Unit kemanusiaan militer Israel (COGAT) mengatakan pada hari Rabu bahwa kampanye vaksinasi akan dilakukan dalam koordinasi dengan militer Israel “sebagai bagian dari jeda kemanusiaan rutin yang akan memungkinkan penduduk untuk mencapai pusat medis tempat vaksinasi akan diberikan”.
Israel melanjutkan “upaya terfokus dan intensif” untuk mengirimkan bantuan ke Gaza dan mengoordinasikan kampanye vaksinasi polio dengan WHO dan badan anak-anak PBB UNICEF, Oren Marmorstein, juru bicara kementerian luar negeri Israel, memposting di X.
Wakil Duta Besar AS untuk PBB, Robert Wood, mengatakan penting bagi Israel untuk memfasilitasi akses dan “memastikan masa tenang dan menahan diri dari operasi militer selama masa kampanye vaksinasi”. Ia menambahkan bahwa AS mendesak ” Israel untuk menghindari perintah evakuasi lebih lanjut selama periode ini”.
Pertumpahan darah terbaru dalam konflik Israel-Palestina yang telah berlangsung puluhan tahun dipicu pada tanggal 7 Oktober ketika Hamas menyerang Israel, menewaskan 1.200 orang dan menyandera sekitar 250 orang, menurut penghitungan Israel.
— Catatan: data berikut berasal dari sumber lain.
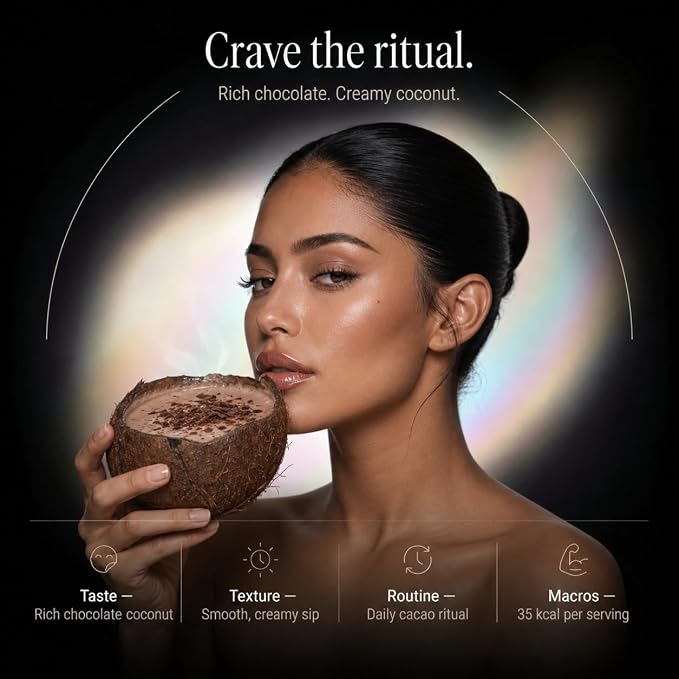 Mushroom Cacao Organic Powder Sugar Free - 1250mg Multi-Collagen Peptides Blend, Reishi, Chaga, Magnesium, L-Theanine, Turmeric & Camu Camu, 30 Servings (Packaging May Vary)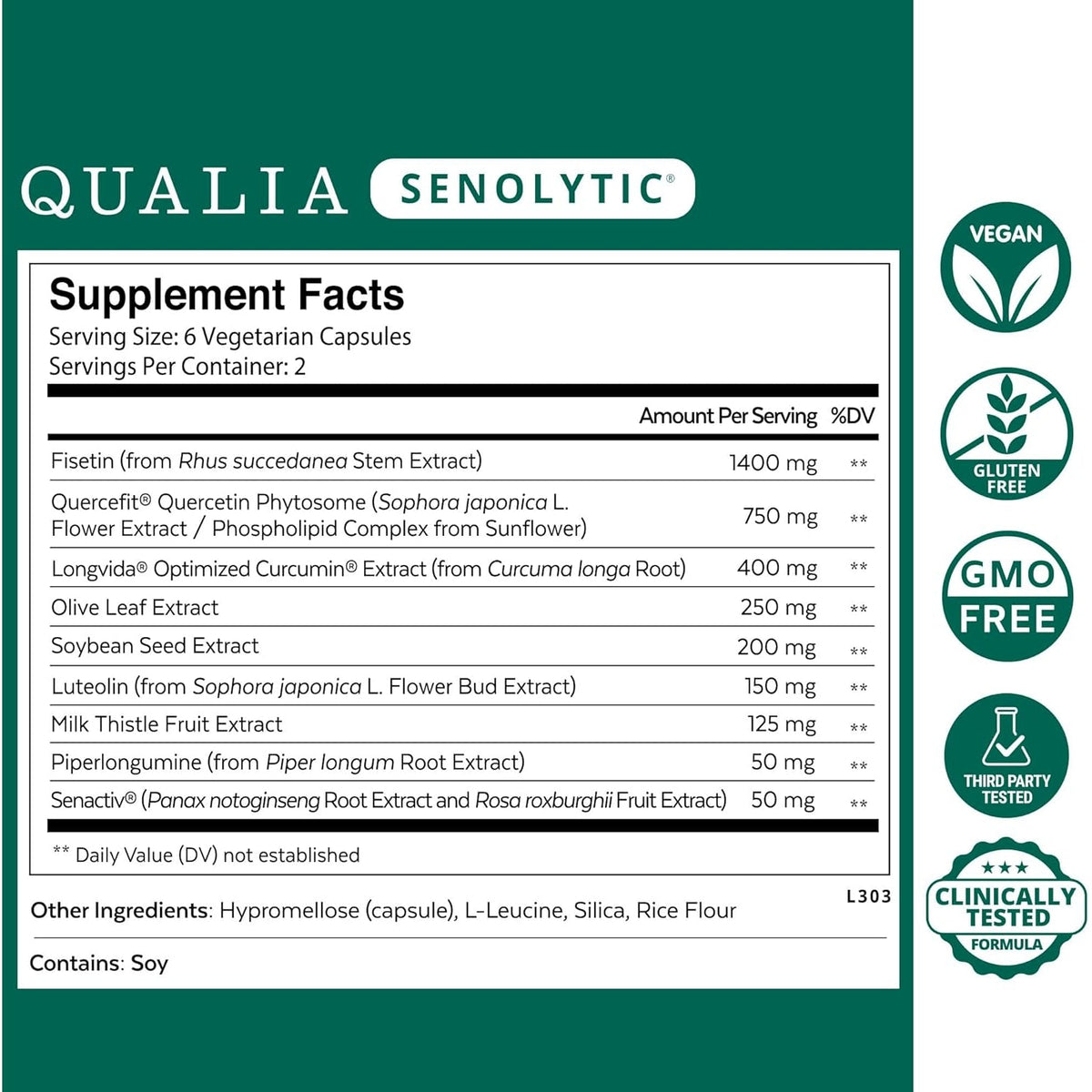 QUALIA LIFE SCIENCES Senolytic Supplement, Fisetin, Quercetin, Piperlongumin & More, Aging Supplement - Supports Optimal Cell Repair & Rejuvenation, Naturally Eliminate Zombie Cells, 1 Month Supply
Serangan Israel berikutnya terhadap daerah kantong yang diperintah Hamas tersebut telah menewaskan lebih dari 40.000 warga Palestina, menurut kementerian kesehatan setempat, sementara juga menyebabkan hampir seluruh populasi yang berjumlah 2,3 juta orang mengungsi, menyebabkan krisis kelaparan dan memicu tuduhan genosida di Pengadilan Dunia yang dibantah Israel.
Kantor PBB untuk Koordinasi Urusan Kemanusiaan pada hari Rabu mengatakan operasi bantuan di Gaza “sangat dibatasi oleh permusuhan, ketidakamanan, dan perintah evakuasi massal yang memengaruhi rute dan fasilitas transportasi bantuan”.
Kepala bantuan PBB Joyce Msuya mengatakan pada hari Kamis bahwa untuk pertama kalinya dalam perang yang berlangsung hampir 11 bulan, Israel telah membatalkan perintah evakuasi untuk tiga blok di Deir al-Balah, seraya menambahkan, “Tim kami sedang bekerja untuk memastikan apakah kami sekarang dapat kembali ke tempat yang harus kami tinggalkan pada tanggal 25 Agustus.”
Perintah evakuasi yang dikeluarkan pada hari Minggu telah “menyebabkan relokasi staf PBB terbesar sejak kami dipaksa meninggalkan Gaza utara pada bulan Oktober 2023,” kata Msuya, yang berdampak pada sekitar 200 staf, lebih dari selusin wisma yang digunakan oleh PBB dan kelompok-kelompok bantuan, serta empat gudang PBB.